Using the listing below, set down exactly the lines starting at the line that contains "MONDIAZ TURE-DLUX 120cm" and ending at the line that contains "Hunter Green Mineral Wash Corduroy Dress", both included, and no others.
━━━ EXTRACTED INFORMATION
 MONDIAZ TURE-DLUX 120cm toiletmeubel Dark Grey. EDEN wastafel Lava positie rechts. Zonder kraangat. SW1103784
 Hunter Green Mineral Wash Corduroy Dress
━━━━━━
━━━ EXTRACTED INFORMATION
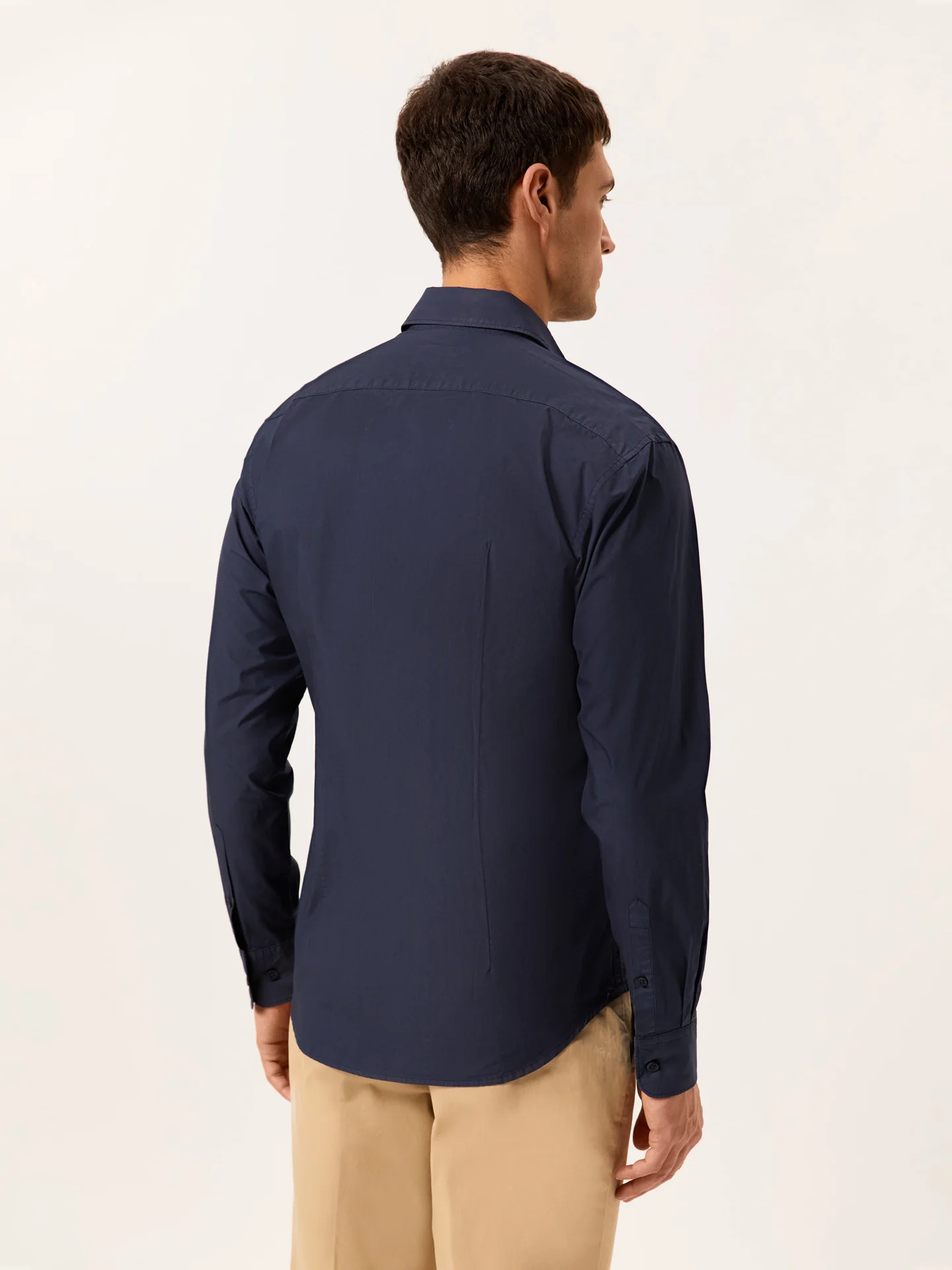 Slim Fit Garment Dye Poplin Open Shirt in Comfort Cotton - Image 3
━━━━━━
* WRITTEN RESPONSE:
 MONDIAZ TURE-DLUX 120cm toiletmeubel Dark Grey. EDEN wastafel Lava positie rechts. Zonder kraangat. SW1103784
 Hunter Green Mineral Wash Corduroy Dress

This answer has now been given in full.